PROBLEM TO SOLVE: Skip the pictures and restate, word for word, the lines from the one containing "Happy Sunday! Thank" to the end of the data below.

Data excerpts:
---
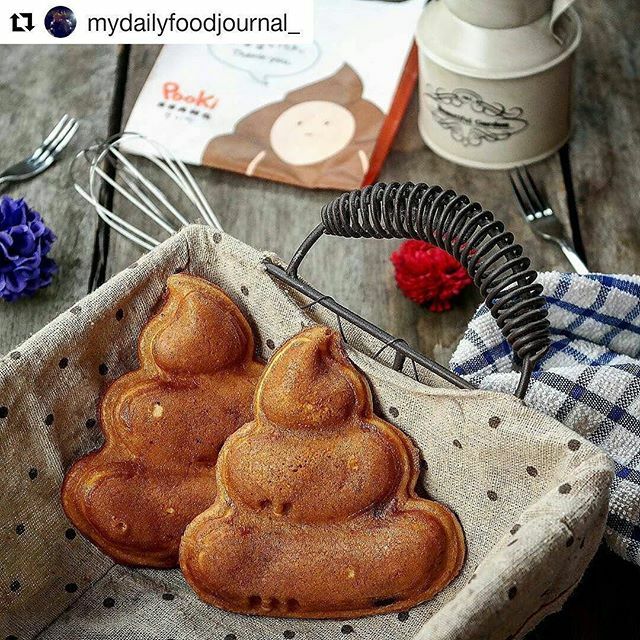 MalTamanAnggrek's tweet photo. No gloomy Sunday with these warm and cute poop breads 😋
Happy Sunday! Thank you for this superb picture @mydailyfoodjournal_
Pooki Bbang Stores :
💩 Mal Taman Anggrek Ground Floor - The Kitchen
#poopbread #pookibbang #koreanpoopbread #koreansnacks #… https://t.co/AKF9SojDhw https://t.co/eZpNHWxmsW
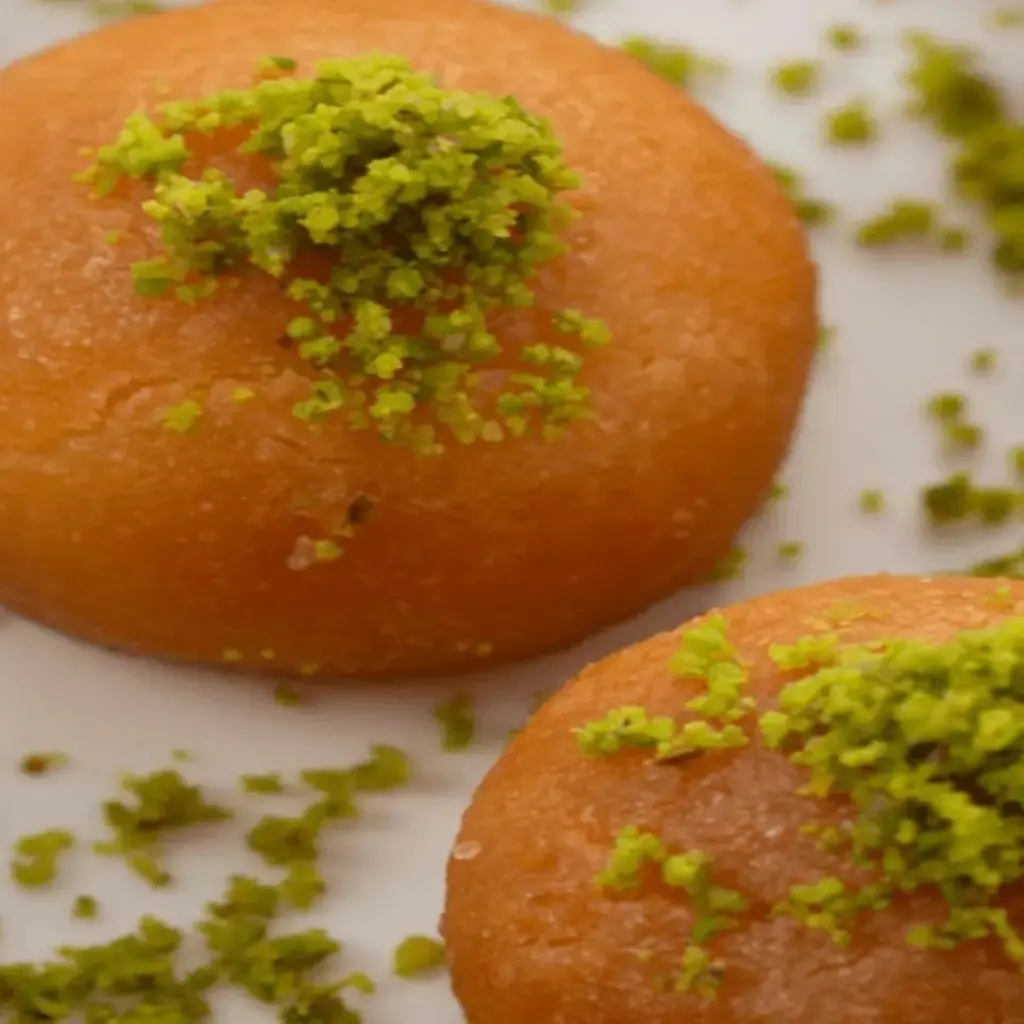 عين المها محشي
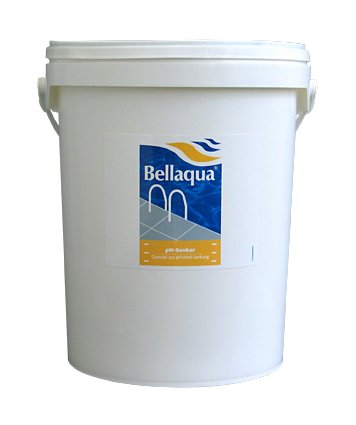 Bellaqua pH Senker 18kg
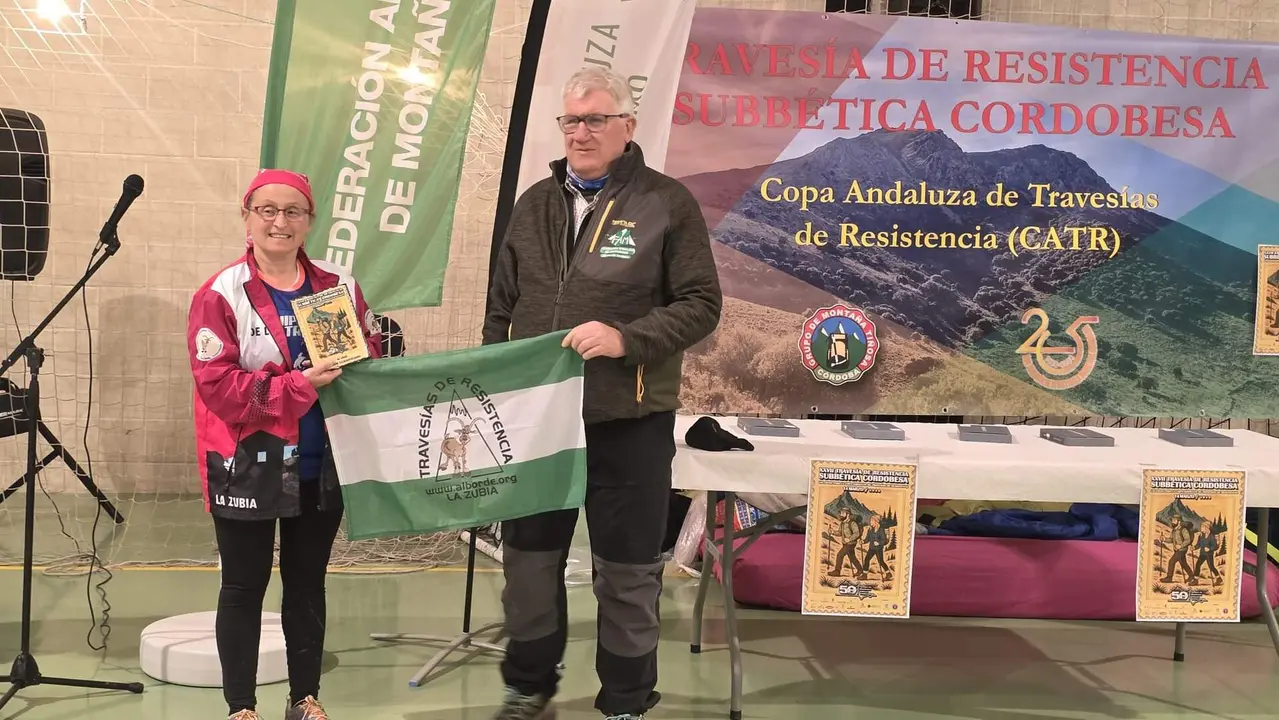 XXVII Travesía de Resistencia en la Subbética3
---
YOUR SOLUTION:
Happy Sunday! Thank you for this superb picture @mydailyfoodjournal_
Pooki Bbang Stores :
💩 Mal Taman Anggrek Ground Floor - The Kitchen
#poopbread #pookibbang #koreanpoopbread #koreansnacks #… https://t.co/AKF9SojDhw https://t.co/eZpNHWxmsW
 عين المها محشي
 Bellaqua pH Senker 18kg
 XXVII Travesía de Resistencia en la Subbética3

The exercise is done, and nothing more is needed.